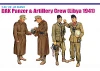 Dragon 1/35 Dak Panzer + Artillery Crew
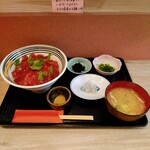 Wagokoro Kagiri - 初鰹漬け丼定食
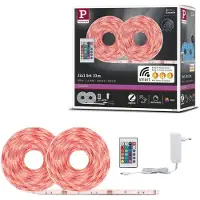 Paulmann 70535 LED-list komplett-set med kontakt 230 V 10 m RGB 1 set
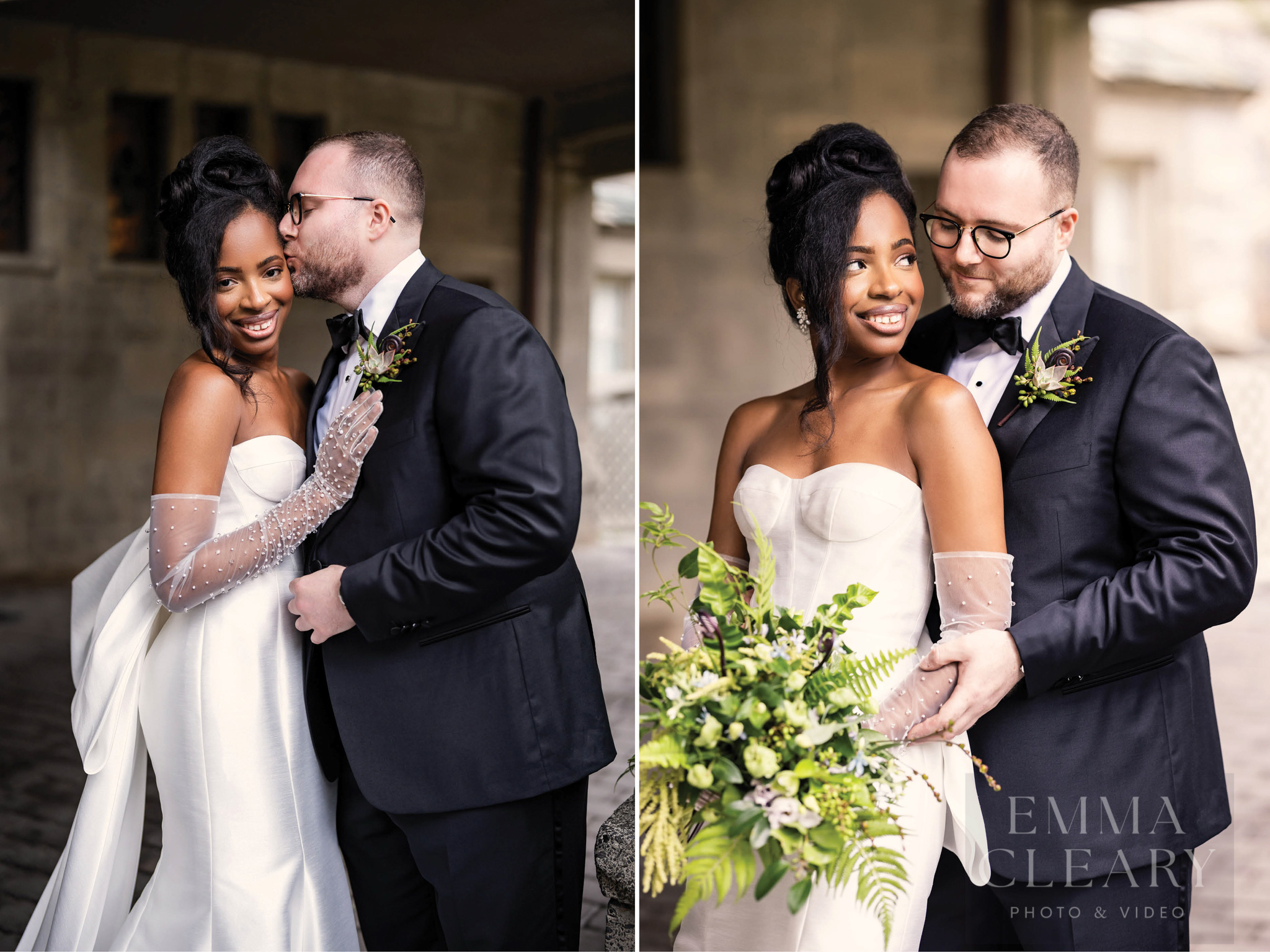 Wedding couple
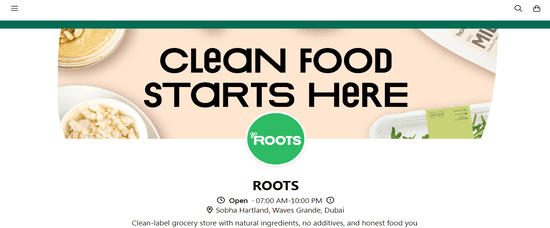 Roots Website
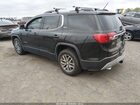 2019 Gmc Acadia Sle-2 Черный vin: 1GKKNLLS8KZ290175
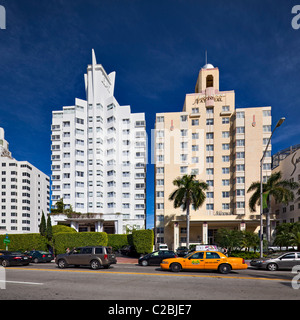Delano, le National Hotel South Beach, Miami Banque D'Images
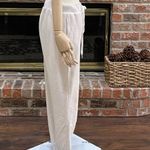 Victoria's Secret Victoria’s Secret white sweatpants w/ a V logo / S / Excellent condition Photo 2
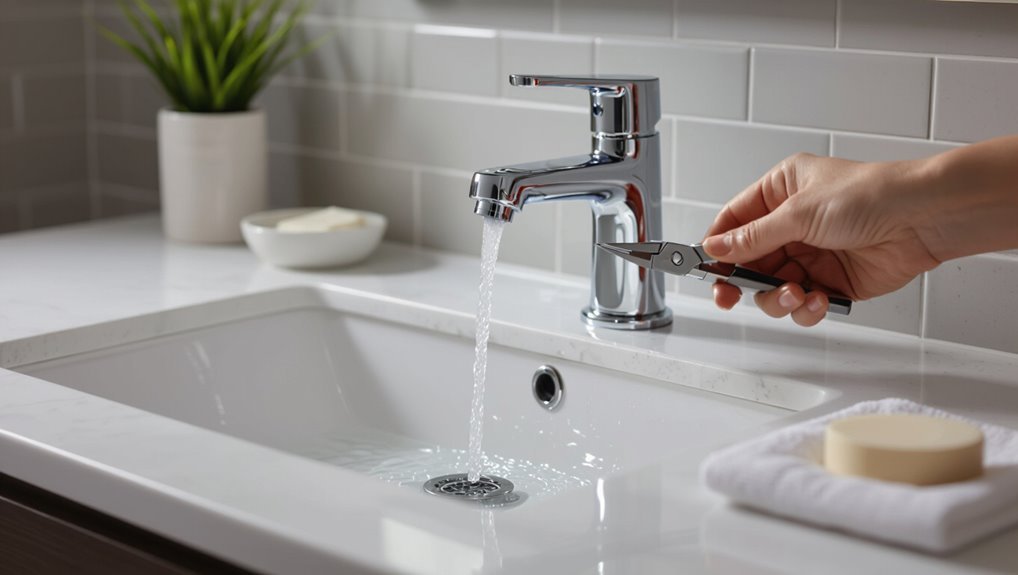 remove delta aerator easily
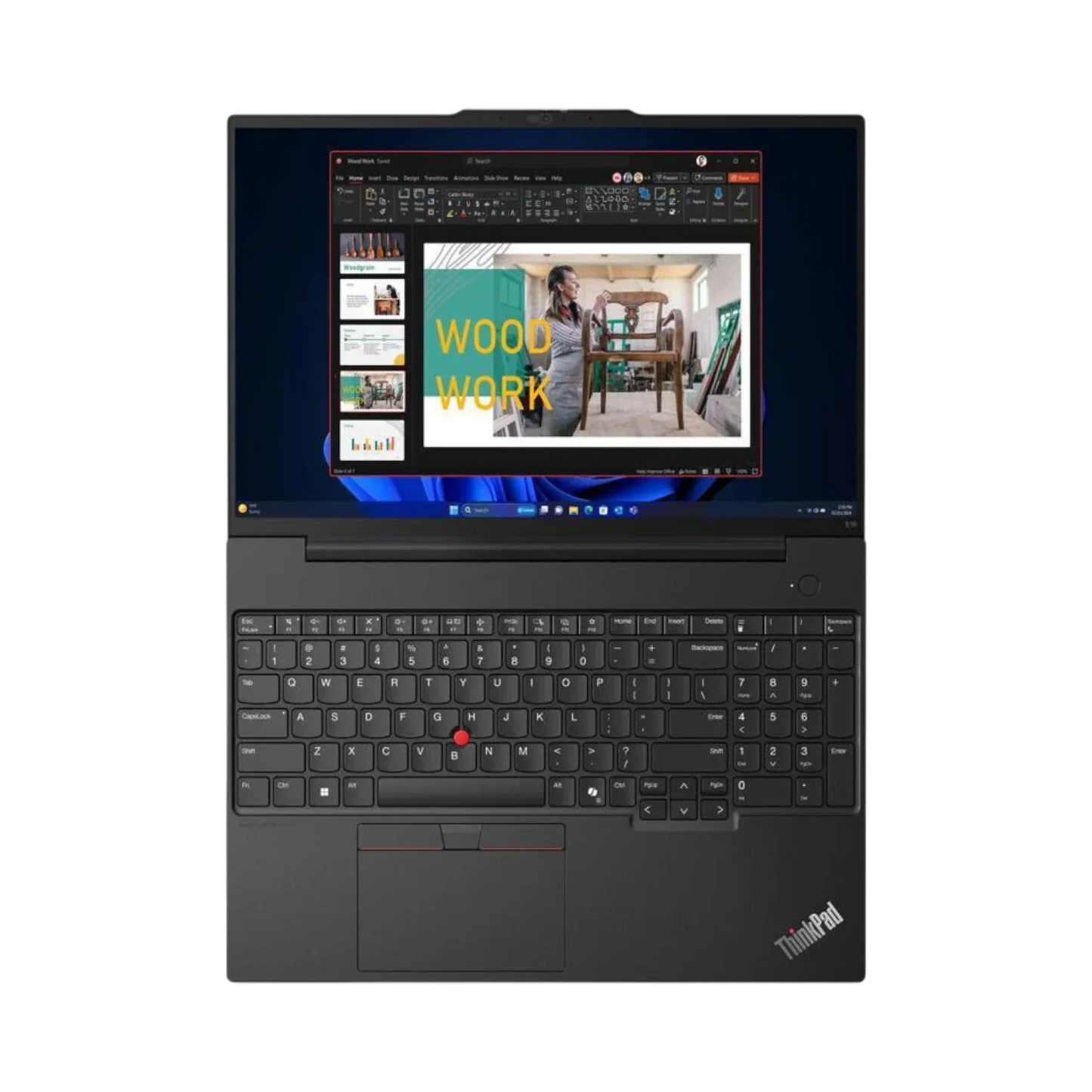 Lenovo ThinkPad E16 Gen 2 16" Laptop, Intel Core Ultra 5 125U, 16GB RAM, 1TB SSD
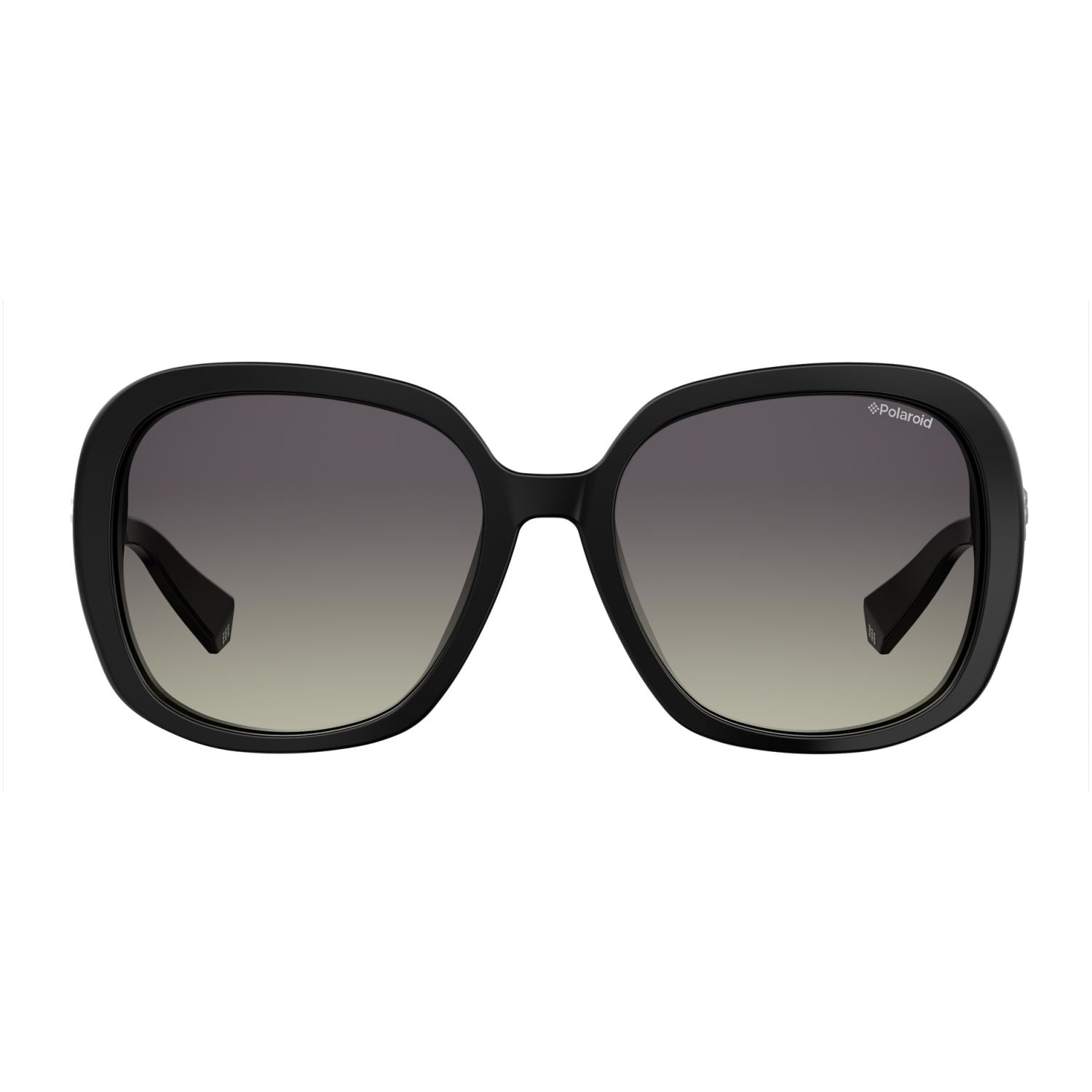 Polaroid PLD 4064/F/S/X Grey Black Women's Polarized Sunglasses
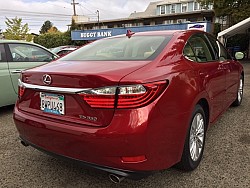 Key #50 Lexus ES 350 Sedan 4D Key #50 Lexus ES 350 Sedan 4D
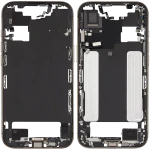 Apple iPhone 17 Air Middle Frame with Small Parts - Light Gold Pulled A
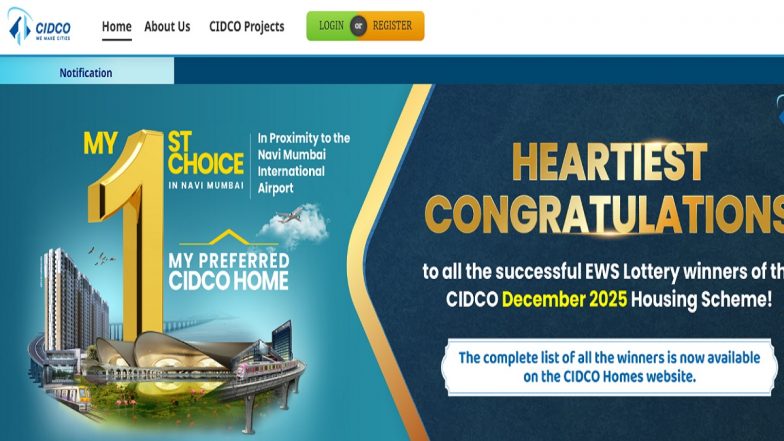 CIDCO Navi Mumbai Housing Lottery 2026: How to Check Results and Verify Allotment Status
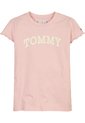 Camiseta Rosa Essential De Algodón Tommy Hilfiger de Tommy Hilfiger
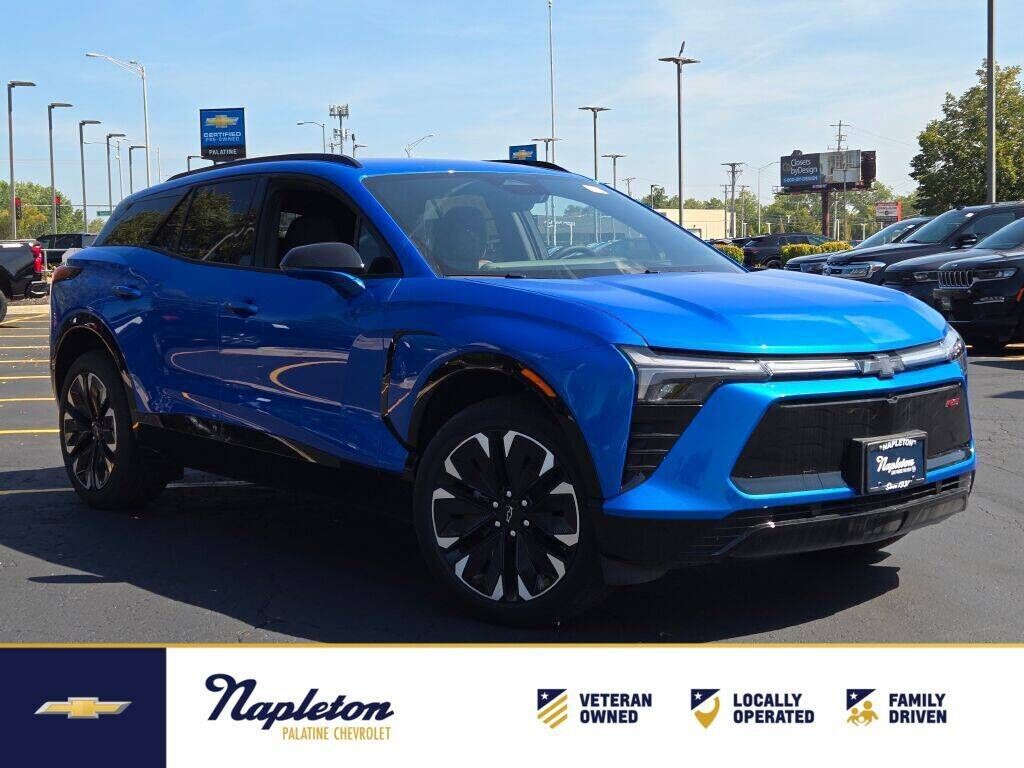 2025 CHEVROLET Blazer EV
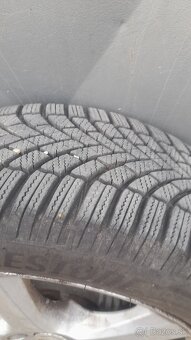 Hliníkové disky+pneumatiky 205/55R16 - 2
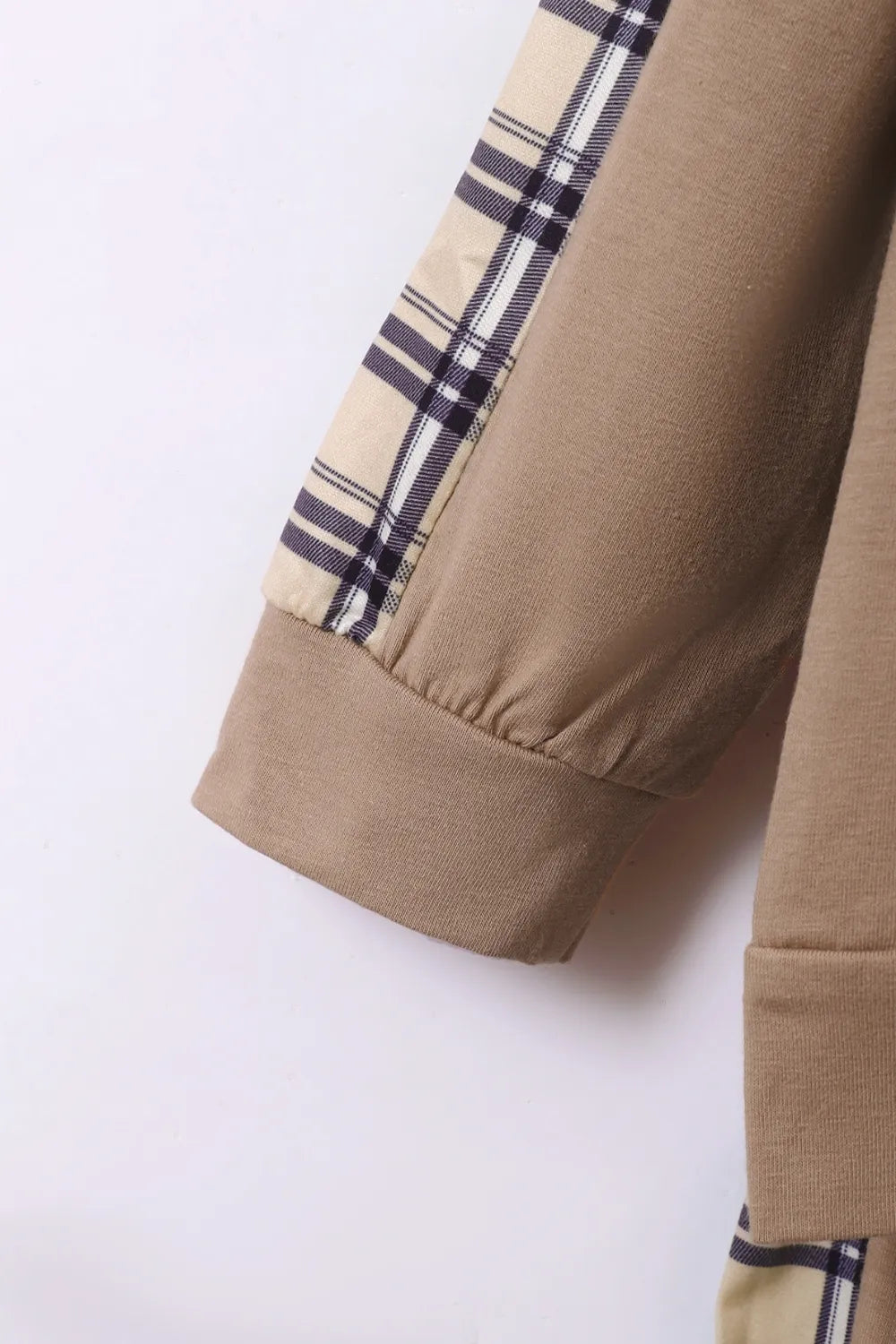 Children's Plaid Hoodie and pants Set - Farnelli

══════════

Exercise details:
Without any of its images, the data above should be returned exactly.

Output below:
 Dragon 1/35 Dak Panzer + Artillery Crew
 Wagokoro Kagiri - 初鰹漬け丼定食
 Paulmann 70535 LED-list komplett-set med kontakt 230 V 10 m RGB 1 set
 Wedding couple
 Roots Website
 2019 Gmc Acadia Sle-2 Черный vin: 1GKKNLLS8KZ290175
Delano, le National Hotel South Beach, Miami Banque D'Images
 Victoria's Secret Victoria’s Secret white sweatpants w/ a V logo / S / Excellent condition Photo 2
 remove delta aerator easily
 Lenovo ThinkPad E16 Gen 2 16" Laptop, Intel Core Ultra 5 125U, 16GB RAM, 1TB SSD
 Polaroid PLD 4064/F/S/X Grey Black Women's Polarized Sunglasses
 Key #50 Lexus ES 350 Sedan 4D Key #50 Lexus ES 350 Sedan 4D
 Apple iPhone 17 Air Middle Frame with Small Parts - Light Gold Pulled A
 CIDCO Navi Mumbai Housing Lottery 2026: How to Check Results and Verify Allotment Status
 Camiseta Rosa Essential De Algodón Tommy Hilfiger de Tommy Hilfiger
 2025 CHEVROLET Blazer EV
 Hliníkové disky+pneumatiky 205/55R16 - 2
 Children's Plaid Hoodie and pants Set - Farnelli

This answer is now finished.